AI machine achieves IQ test score of young child

Credit: Public Domain

Some people might find it enough reason to worry; others, enough reason to be upbeat about what we can achieve in computer science; all await the next chapters in artificial intelligence to see what more a machine can do to mimic human intelligence. We already saw what machines can do in arithmetic, chess and pattern recognition.

MIT Technology Review poses the bigger question: to what extent do these capabilities add up to the equivalent of ? Shedding some light on AI and humans, a team went ahead to subject an AI system to a standard IQ test given to humans.

Their paper describing their findings has been posted on arXiv. The team is from the University of Illinois at Chicago and an AI research group in Hungary. The AI system which they used is ConceptNet, an open-source project run by the MIT Common Sense Computing Initiative.

Results: It scored a WPPSI-III VIQ that is average for a four-year-old child, but below average for 5 to 7 year-olds

"We found that the WPPSI-III VIQ psychometric test gives a WPPSI-III VIQ to ConceptNet 4 that is equivalent to that of an average four-year old. The performance of the system fell when compared to older children, and it compared poorly to seven year olds."

They wrote, "In the work reported here, we used the March 2012 joint release of ConceptNet 4 implemented as the Python module conceptnet and AnalogySpace implemented as the Python module divisi2.3. In this paper 'ConceptNet' refers to this combination of AnalogySpace and ConceptNet 4 unless explicitly stated otherwise."

The title of their paper is "Measuring an Artificial Intelligence System's Performance on a Verbal IQ Test For Young Children," and the authors are Stellan Ohlsson, Robert Sloan, György Turán and Aaron Urasky. They represent academic disciplines of statistics, computer science and psychology.

The Wechsler Preschool and Primary Scale of Intelligence (WPPSI-III), which is the test they used, is for children ages 2 years and 6 months to 7 years and 3 months, and is made up of 14 subtests.

The test is called Wechsler after David Wechsler, PhD, cognitive psychology pioneer. Wechsler described intelligence as "the global capacity of a person to act purposefully, to think rationally, and to deal effectively with his environment."

As for the computer's ability to answer questions successfully, the authors discussed the limitations.

An example: Saw was taken as the past tense of see rather than as a cutting tool. "ConceptNet does little or no word-sense disambiguation. It combines different forms of one word into one database entry, to increase what is known about that entry.
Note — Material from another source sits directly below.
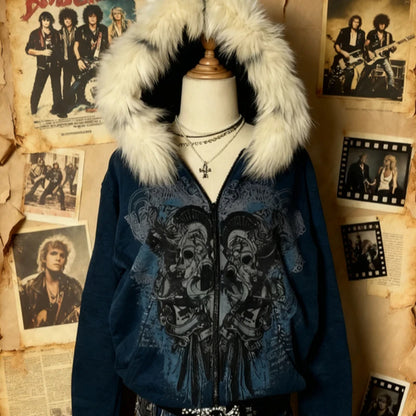 Fur Collar Zipper Hoodie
The lack of disambiguation hurts when, for example, the system's tools convert saw into the base form of the verb see, and our question 'What is a saw used for?' is answered by 'An eye is used to see.'"

The authors said that "In general, more powerful natural tools would likely improve system performance."

Interestingly, these limitations do not spell doom for computers reaching human thought level but rather the limitations help elucidate what needs to come next in AI progress.

MIT Technology Review made the observation that, "Of course, there are various ways that the test could be improved."

Giving the computer processing capabilities is one way. "That would reduce its reliance on the programming necessary to enter the questions and is something that is already becoming possible with online assistants such as Siri, Cortana, and Google Now," said the report.

MIT Technology Review added this to the bigger picture regarding this IQ study: "Taking Ohlsson and co's result at face value, it's taken 60 years of AI research to build a machine in 2012 that can come anywhere close to matching the common sense reasoning of a four-year old. But the nature of exponential improvements raises the prospect that the next six years might produce similarly dramatic improvements. So a question that we ought to be considering with urgency is: what kind of AI machine might we be grappling with in 2018?"

More information: Measuring an Artificial Intelligence System's Performance on a Verbal IQ Test For Young Children, arXiv:1509.03390 [cs.AI]

We administered the Verbal IQ (VIQ) part of the Wechsler Preschool and Primary Scale of Intelligence (WPPSI-III) to the ConceptNet 4 AI system. The test questions (e.g., "Why do we shake hands?") were translated into ConceptNet 4 inputs using a combination of the simple natural language processing tools that come with ConceptNet together with short Python programs that we wrote. The question answering used a version of ConceptNet based on spectral methods. The ConceptNet system scored a WPPSI-III VIQ that is average for a four-year-old child, but below average for 5 to 7 year-olds. Large variations among subtests indicate potential areas of improvement. In particular, results were strongest for the Vocabulary and Similarities subtests, intermediate for the Information subtest, and lowest for the Comprehension and Word Reasoning subtests. Comprehension is the subtest most strongly associated with common sense. The large variations among subtests and ordinary common sense strongly suggest that the WPPSI-III VIQ results do not show that "ConceptNet has the verbal abilities a four-year-old." Rather, children's IQ tests offer one objective metric for the evaluation and comparison of AI systems. Also, this work continues previous research on Psychometric AI.